Note from the Panelists: We are about to present opinions that are our own and not necessarily those of our employers (even when they probably should be)

What’s the problem?
-    Sexism, for one …
-    Though we’re also talking about issues of race, sexual orientation, etc.

Problem:
-    The 2012 game player gender (market) is 55% male, 45% female.
-    The gender of protagonists in games from 2012, however, is 51% male, 45% choice, and only 4% female. (This number is closer to the number of people working in the game industry.)
-    The potential game player market in the US is 51% male, 49% female.

Human beings have a tendency to do their creative work from their own thoughts, needs, and life experience.

When recently creating a game, one panelist sought ideas for vignettes for NPCs, and every suggestion was sexist. The people making the suggestions resorted to stereotypical situations without even being aware of it.

Why do we care? Why should we?
-    Lack of diversity in general.
-    There’s a creative side to it as well: new takes make it more interesting.
-    Creative consequences of the same old stuff: boredom, lack of expansive information. Not unrelated.
-    Who’s making these games really has an impact on how they get made and the broadness of the vision.
-    We don’t want to read and see and experience the same thing again and again and again. That won’t happen if we keep relying on our tropes.
-    Hollywood is telling fresh perspectives of stories.
-    Stories about a straight, white, male are getting old.
-    The gender of protagonists in movies from 2012: 65% male, 19% female, and 16% mixed ensemble.
-    The gender of protagonists in books from 2012 is much better: 43% male, 41% female, and 16% mixed ensemble.
-    The TV market is getting better, splintering, targeting small groups and bringing those to life. And they’re reaching wide audiences because of it.

Why else we should care: Video game dollar sales are slightly, steadily down from 2010.
-    Not growing.
-    Not reaching out to new audiences.
-    Probably because they’re not trying new things.
-    We don’t want video games to become a niche medium.

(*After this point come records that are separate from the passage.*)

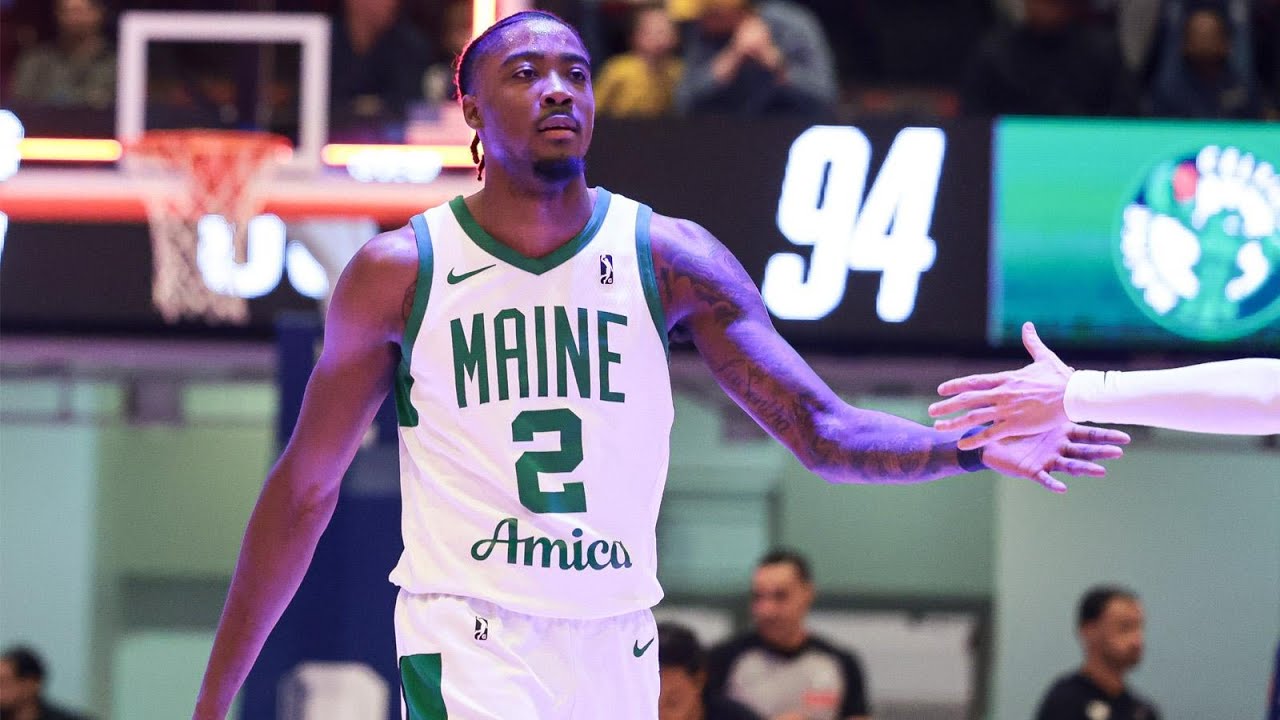 TRIPLE-DOUBLE - Hason Ward 14p, 11r, 10 blocks!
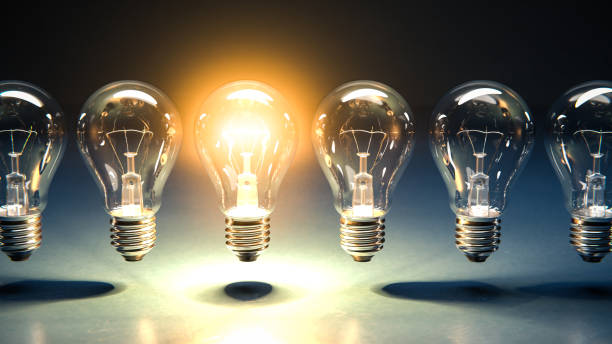 1つのブリグに点灯した電球の列 - アイデア、革新、目立つものを持つコンセプト。 - on a row ストックフォトと画像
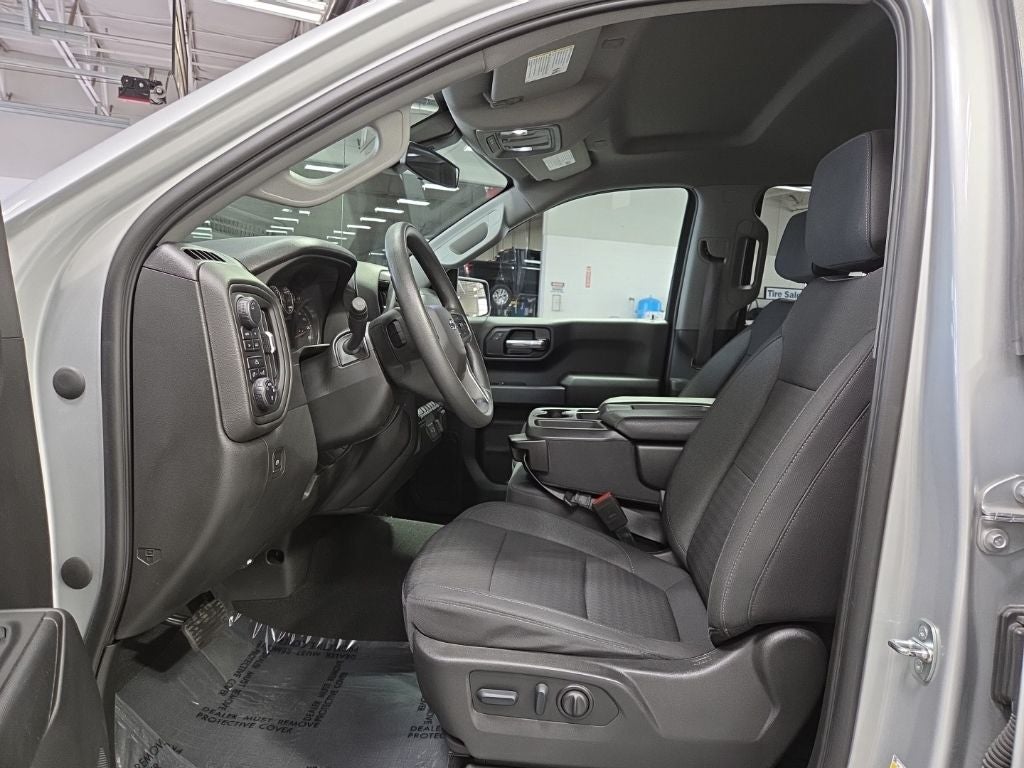 2022 Chevrolet Silverado 1500 LTD 4WD Crew Cab Short Bed Custom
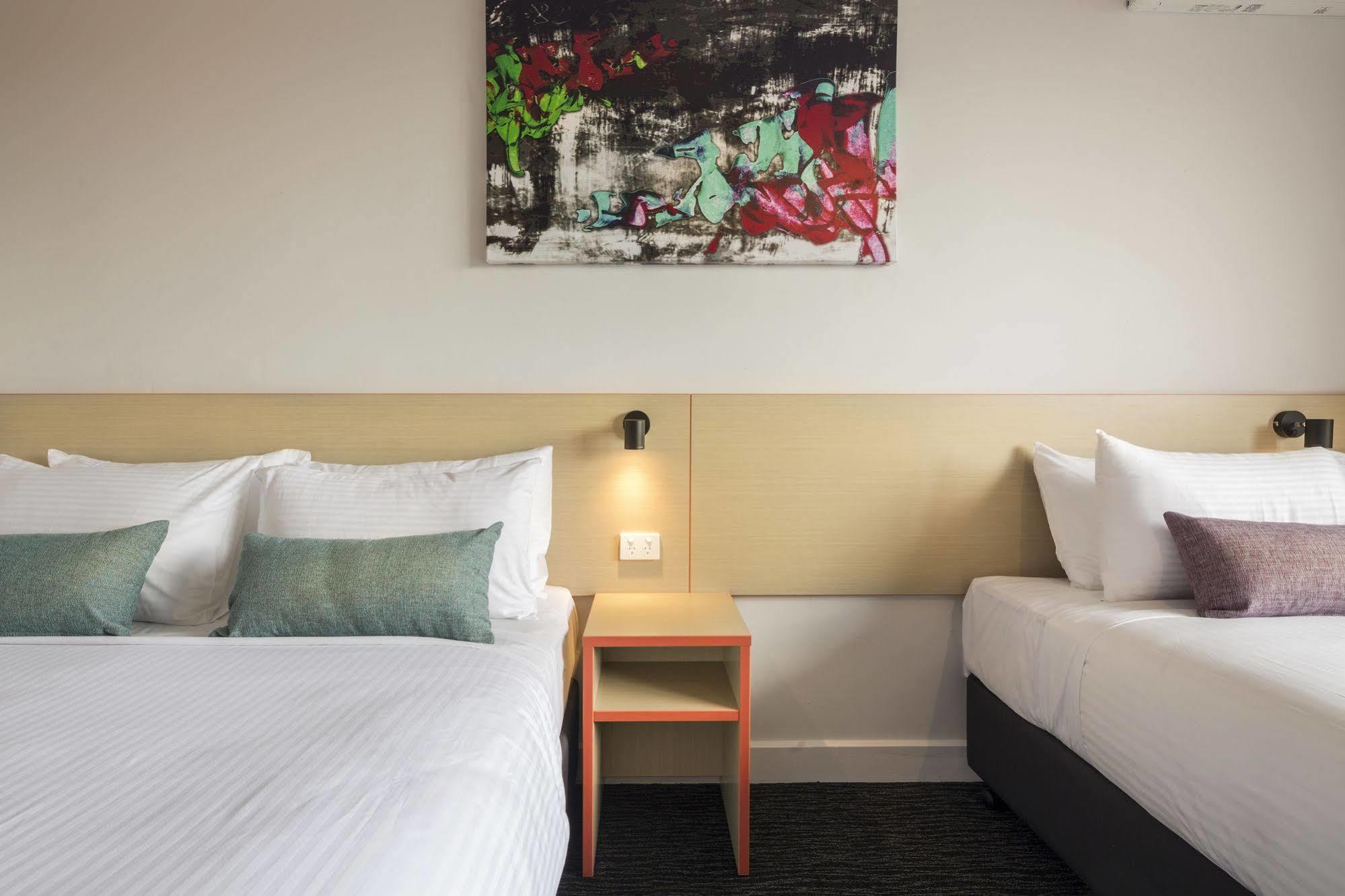 Nightcap At Waltzing Matilda Hotel Springvale Exterior photo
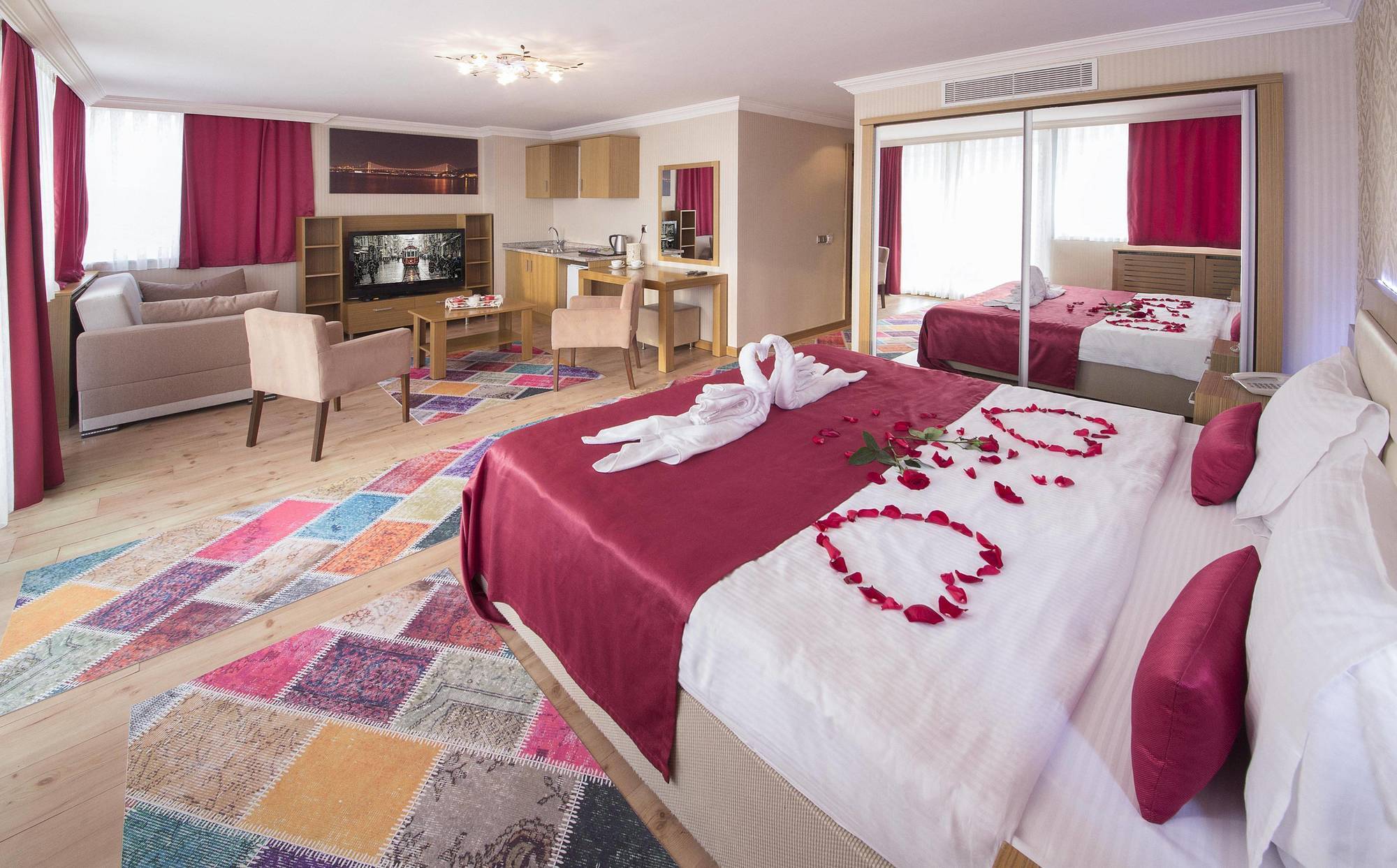 Hotel Grand Zentrum & Cafe Restaurant - Taksim Square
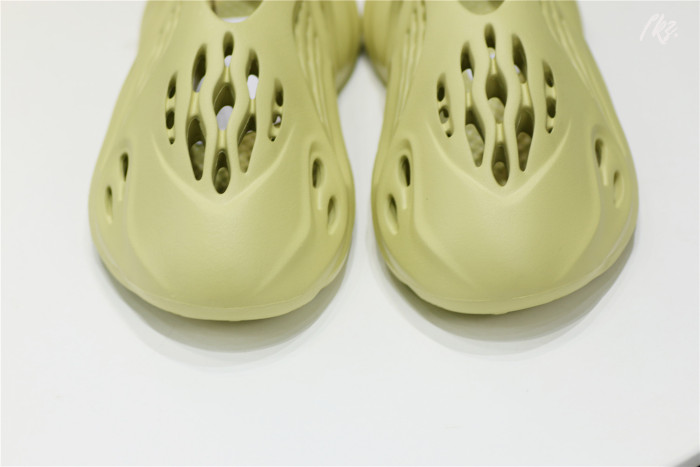 adidas Yeezy Foam RNNR Sulfur(LN5 A1 Batch)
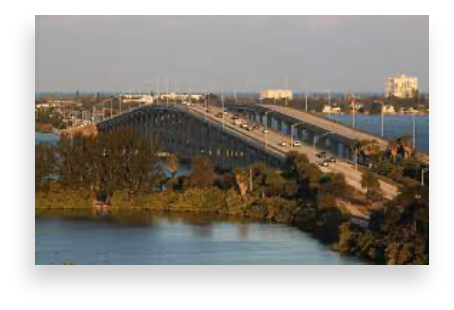 墨尔本堤道的高层跨度由佛州指定为欧内斯特·考文-霍文纪念桥.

Furthermore: Lack of diversity in viewpoints, characterizations, plots, story structure, etc. limits the potential of games as an art form.
-    Game consumers are artistically malnourished.
-    Art that gives its power to  move us is commonality, but also diverse experiences.
-    Sexism hurts everyone.
-    It hurts men too, because the typical male protagonist presented is a man who’s physically strong, the ideal man. Marketing executives point to and justify how much money that stuff makes and assume the game will sell better with it.
-    On a professional level: Paternity leave, child care issues; sometimes men have issues that are perceived as falling in the female realm that aren’t extended to them because they’re men and not women.
-    We need more interesting characters with diverse backgrounds. It doesn’t make it easier to make them if we stick to the tropes.
-    If you like shooters, they are still making them. The number of action and shooter games offered at the launch of each new X-Box has increased.
-    Most importantly: Making more types of games doesn’t mean less of games people already like (the core game types) will decrease. Just that it makes more options available to consumers.

So, what should we do?

1.  Check our assumptions and our perceptions.
-    Look around at the crowd in this room, at the number of people here. How many are women? Turns out that there were 3 men for every 2 women were present at this panel. (Even though most attendees thought there were either more women, or that it was a 50-50 split.)
-    This is important because our perceptions of what is fair are now off.
-    Geena Davis Institute: “We just heard a fascinating and disturbing study, where they looked at the ratio of men and women in groups. And they found that if there’s 17 percent women, the men in the group think it’s 50-50. And if there’s 33 percent women, the men perceive that as there being more women in the room than men.”
-    In games, even when the lines were divided equally, the men had the more important lines. That’s the first step you have to take.
-    Use the Bechdel Test: Find a movie with two women talking and if it’s not about a man, then that passes the test. Observation. How many of them actually pass? Games pass it even less. Think about this test. Do you have women in it, do they have names, do they talk to each other? Is it about a man, a relationship, parenting, shopping? This is a good rule of thumb, the lowest bar you can clear, when dealing with diversity in video games.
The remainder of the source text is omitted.